# Introduction to Machine Learning (Supervised Learning) with scikit-learn

Recap of workshop #1 (Pandas)

... we will be using pandas again

### Goals of this workshop

* What is machine learning and supervised learning?
* Become familiar with the scikit learn API
* Become familiar with a common flow of how to approach a supervised learning problem
* Create your own model to predict values of homes in boston (regression)
* Create your own model to classify spam emails (binary classifcation)
* Create your own model to classify images of handwritten digits (multi-class classification)



# 1)
### What is Machine Learning?

Machine learning is the process of extracting patterns and insight from data automatically. Machine learning models "learn" from data that it gets to see and can make inferences or predictions on new, unseen data.


### Supervised Learning (Regression and Classification)

Machine learning can be broadly classified into two categories: **Unsupervised Learning** and **Supervised Learning**

In supervised learning, we have data that has both input features and a *desired output*. The task is to build a model to make predictions on unseen data. The data that the model learns from must have labels for the attribute we are trying to predict.

Supervised learning is further broken down into two categories: **Classification** and **Regression**

In classification, the labels are *discrete*. This means there is a clear distinction between categories. In our email spam task coming up, the labels are "spam" or "not spam", two distinct categories. In digit classification, the labels are {0,1,...,9}, which make up 10 distinct categories. These categories must be 

In regression, the labels are continuous. This could be a price of a home, a grade in a course, or the price of a stock. 





# About scikit-learn

# Data Representation

Before we do any modeling, we have to understand how our data should be organized.
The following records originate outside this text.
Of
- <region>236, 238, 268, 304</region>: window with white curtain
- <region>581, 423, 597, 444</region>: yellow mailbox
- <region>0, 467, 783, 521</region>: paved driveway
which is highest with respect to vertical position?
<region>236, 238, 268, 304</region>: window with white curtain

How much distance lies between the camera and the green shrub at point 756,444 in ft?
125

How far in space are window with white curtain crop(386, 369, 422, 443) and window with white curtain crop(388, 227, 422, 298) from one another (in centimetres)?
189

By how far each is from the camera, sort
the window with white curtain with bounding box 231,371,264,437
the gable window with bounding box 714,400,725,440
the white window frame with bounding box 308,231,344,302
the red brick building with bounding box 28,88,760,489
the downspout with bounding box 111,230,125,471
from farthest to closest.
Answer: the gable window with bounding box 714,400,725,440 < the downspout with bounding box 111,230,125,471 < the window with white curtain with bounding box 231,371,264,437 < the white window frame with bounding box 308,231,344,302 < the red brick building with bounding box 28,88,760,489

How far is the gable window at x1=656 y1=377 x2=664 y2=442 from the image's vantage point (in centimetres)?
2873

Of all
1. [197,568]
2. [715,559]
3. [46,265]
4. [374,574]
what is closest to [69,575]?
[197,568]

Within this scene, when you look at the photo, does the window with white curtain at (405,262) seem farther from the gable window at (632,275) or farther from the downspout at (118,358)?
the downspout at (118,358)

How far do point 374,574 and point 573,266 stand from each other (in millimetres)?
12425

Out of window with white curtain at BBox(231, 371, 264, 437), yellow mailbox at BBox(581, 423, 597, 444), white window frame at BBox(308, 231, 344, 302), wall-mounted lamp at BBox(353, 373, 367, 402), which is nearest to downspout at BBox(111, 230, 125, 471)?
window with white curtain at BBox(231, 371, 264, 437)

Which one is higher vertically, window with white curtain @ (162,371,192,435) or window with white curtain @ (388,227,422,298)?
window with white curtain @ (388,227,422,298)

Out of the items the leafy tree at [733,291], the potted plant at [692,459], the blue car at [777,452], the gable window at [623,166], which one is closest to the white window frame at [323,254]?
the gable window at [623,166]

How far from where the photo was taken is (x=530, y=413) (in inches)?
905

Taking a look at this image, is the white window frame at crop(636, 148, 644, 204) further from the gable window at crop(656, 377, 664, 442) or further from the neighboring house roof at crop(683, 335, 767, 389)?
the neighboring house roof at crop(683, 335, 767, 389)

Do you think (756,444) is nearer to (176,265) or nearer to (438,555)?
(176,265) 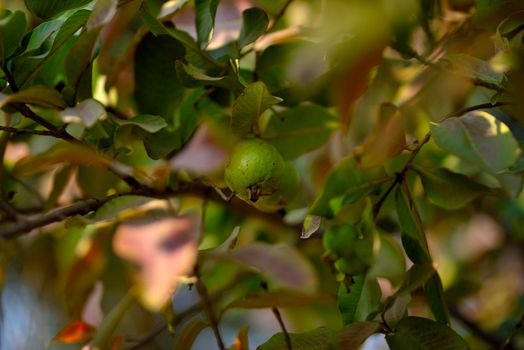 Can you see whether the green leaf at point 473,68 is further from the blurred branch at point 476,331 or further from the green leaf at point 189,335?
the blurred branch at point 476,331

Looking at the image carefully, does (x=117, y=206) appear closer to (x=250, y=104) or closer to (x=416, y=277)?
(x=250, y=104)

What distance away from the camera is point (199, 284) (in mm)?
668

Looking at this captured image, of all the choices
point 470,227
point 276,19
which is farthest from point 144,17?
point 470,227

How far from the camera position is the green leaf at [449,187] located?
778 mm

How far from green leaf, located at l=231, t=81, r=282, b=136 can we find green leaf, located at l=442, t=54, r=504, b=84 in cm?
16

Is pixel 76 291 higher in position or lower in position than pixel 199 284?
lower

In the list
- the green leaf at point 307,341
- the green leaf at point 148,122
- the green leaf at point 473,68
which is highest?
the green leaf at point 473,68

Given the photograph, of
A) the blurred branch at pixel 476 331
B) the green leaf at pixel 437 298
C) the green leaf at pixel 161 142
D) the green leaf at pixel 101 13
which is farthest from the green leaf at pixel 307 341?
the blurred branch at pixel 476 331

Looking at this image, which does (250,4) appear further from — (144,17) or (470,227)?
(470,227)

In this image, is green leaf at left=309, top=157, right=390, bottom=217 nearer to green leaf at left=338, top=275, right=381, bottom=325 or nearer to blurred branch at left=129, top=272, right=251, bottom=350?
green leaf at left=338, top=275, right=381, bottom=325

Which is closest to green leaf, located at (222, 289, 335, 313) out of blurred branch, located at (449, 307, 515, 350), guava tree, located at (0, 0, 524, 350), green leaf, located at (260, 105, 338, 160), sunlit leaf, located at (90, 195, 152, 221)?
guava tree, located at (0, 0, 524, 350)

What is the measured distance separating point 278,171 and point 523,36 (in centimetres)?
28

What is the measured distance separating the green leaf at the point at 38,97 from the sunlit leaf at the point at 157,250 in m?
0.18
Data in scikit-learn is expected to be stored in a 2D array. Think matrices. In this workshop we will refer to this 2D array as **X**.
The shape of these arrays is **num_samples** x **num_features**

$$\mathbf{X} = \begin{bmatrix}
    x_{1}^{(1)} & x_{2}^{(1)} & x_{3}^{(1)} & \dots  & x_{m}^{(1)} \\
    x_{1}^{(2)} & x_{2}^{(2)} & x_{3}^{(2)} & \dots  & x_{m}^{(2)} \\
    \vdots & \vdots & \vdots & \ddots & \vdots \\
    x_{1}^{(n)} & x_{2}^{(n)} & x_{3}^{(n)} & \dots  & x_{m}^{(n)}
\end{bmatrix}.
$$


where 

**num_samples** is the number of observations your dataset contains

**num_features** is the number of features or attributes that each one of your observations has. Features can be real-valued or discrete-valued



We will refer to the labels as the **y** array

$$\mathbf{y} = \begin{bmatrix}
    y^{(1)} \\
    y^{(2)}  \\
    \vdots \\
    y^{(n)} 
\end{bmatrix}.
$$

In [None]:
import pandas as pd # for dataframes, loading data

import matplotlib.pyplot as plt # plotting

import numpy as np # arrays and matrices

# Training and Testing data

In supervised learning, we use training and testing sets in the process of building a model. Given our available data, we split the data into two sets: the training set and testing set. (70% training and 30% testing is common, but this choice is arbitrary). 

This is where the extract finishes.